[PROBLEM REQUIREMENTS]: From the records below, output exactly the lines running from the line containing "Tahiti floral watercolor print dress" through the line containing "르 몽드 베릴 플랫 슈즈", and no others.

[INPUT]:
• • • • • • •
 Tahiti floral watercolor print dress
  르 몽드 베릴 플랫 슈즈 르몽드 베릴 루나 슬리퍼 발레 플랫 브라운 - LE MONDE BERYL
• • • • • • •
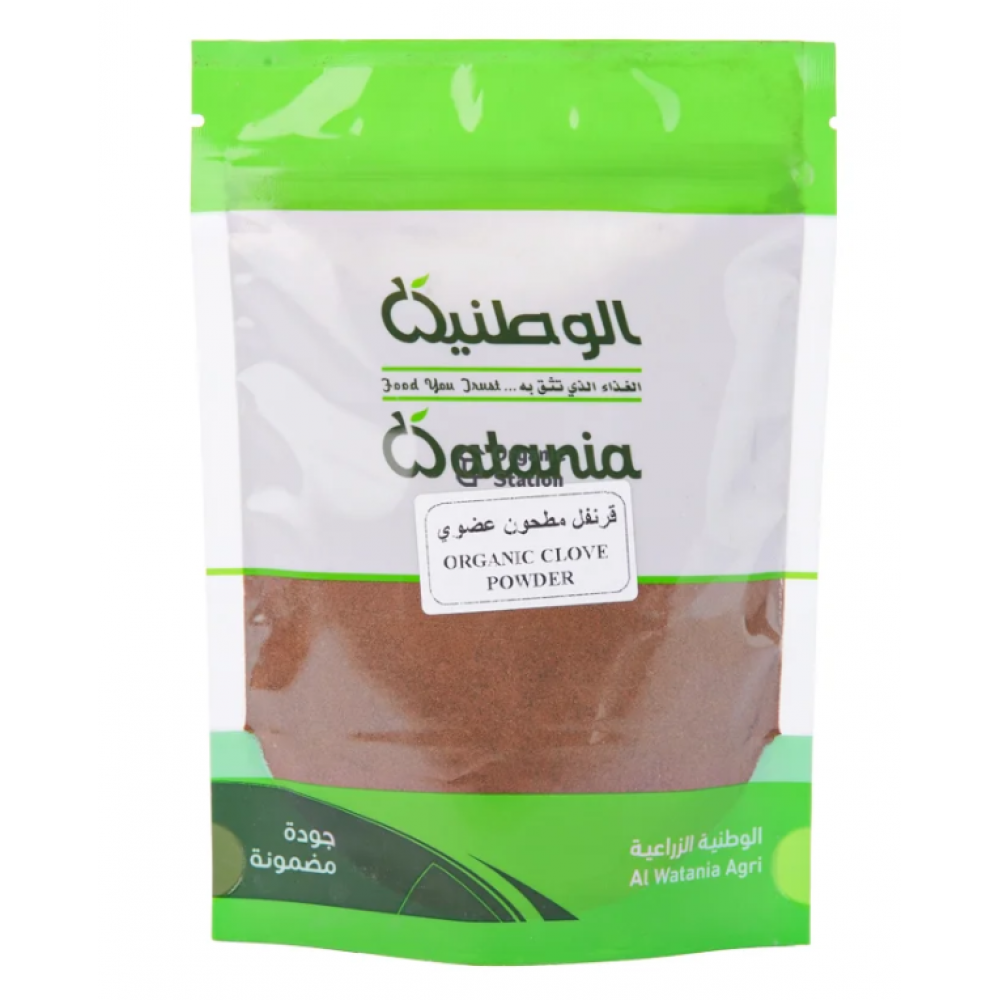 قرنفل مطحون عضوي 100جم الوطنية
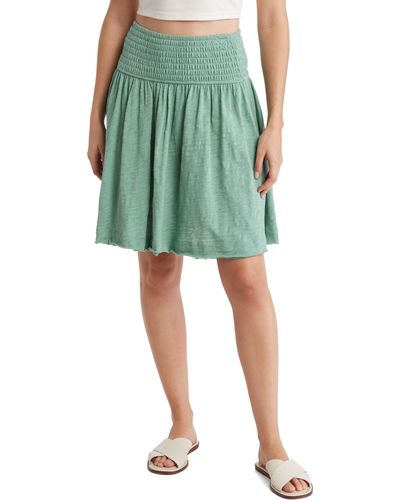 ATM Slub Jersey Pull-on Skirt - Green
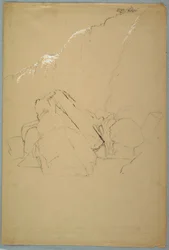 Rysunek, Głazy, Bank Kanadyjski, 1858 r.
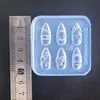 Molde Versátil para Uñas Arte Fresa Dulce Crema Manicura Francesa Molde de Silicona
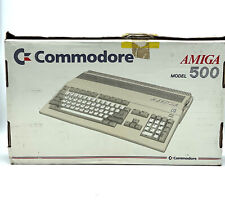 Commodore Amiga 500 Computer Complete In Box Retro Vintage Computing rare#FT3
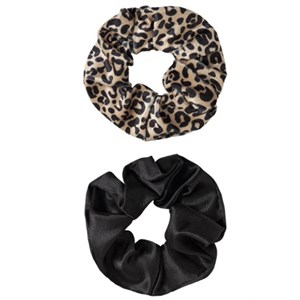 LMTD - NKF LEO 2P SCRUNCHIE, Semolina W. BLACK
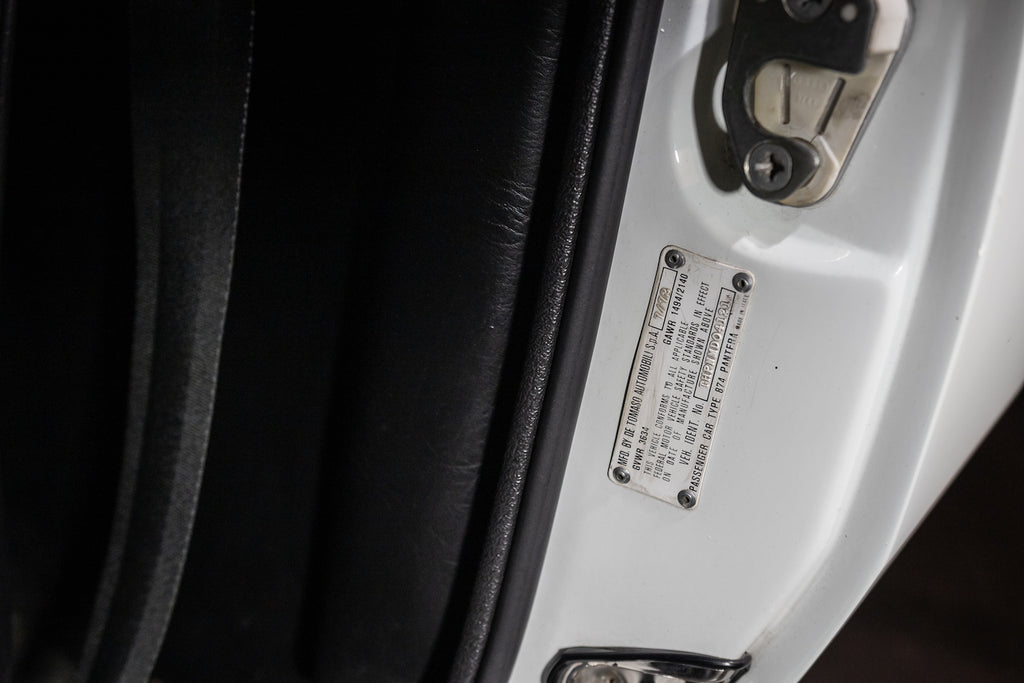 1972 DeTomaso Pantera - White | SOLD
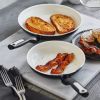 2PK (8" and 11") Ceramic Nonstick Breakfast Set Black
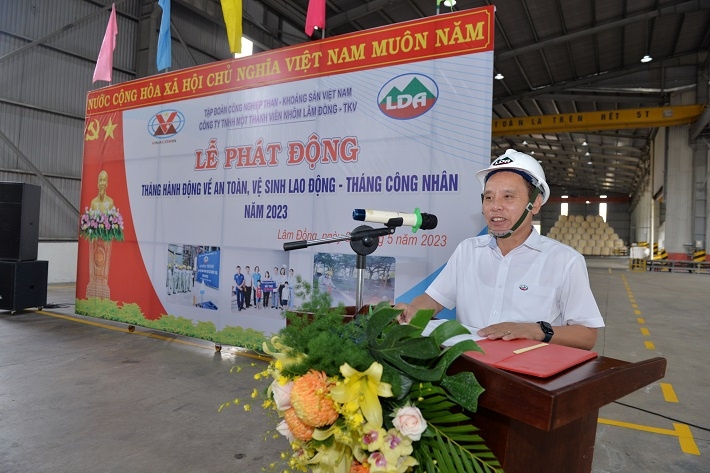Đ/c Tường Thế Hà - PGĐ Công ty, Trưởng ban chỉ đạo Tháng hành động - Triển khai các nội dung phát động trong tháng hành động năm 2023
• • • • • • •
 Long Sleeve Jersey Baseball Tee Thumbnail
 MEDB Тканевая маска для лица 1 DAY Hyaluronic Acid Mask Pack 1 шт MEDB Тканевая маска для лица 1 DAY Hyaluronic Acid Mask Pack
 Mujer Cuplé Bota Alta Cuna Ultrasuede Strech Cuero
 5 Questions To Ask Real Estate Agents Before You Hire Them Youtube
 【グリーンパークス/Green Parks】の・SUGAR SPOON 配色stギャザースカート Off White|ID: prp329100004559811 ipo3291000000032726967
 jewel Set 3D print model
• • • • • • •
[SOLVED EXERCISE]:
 Tahiti floral watercolor print dress
  르 몽드 베릴 플랫 슈즈 르몽드 베릴 루나 슬리퍼 발레 플랫 브라운 - LE MONDE BERYL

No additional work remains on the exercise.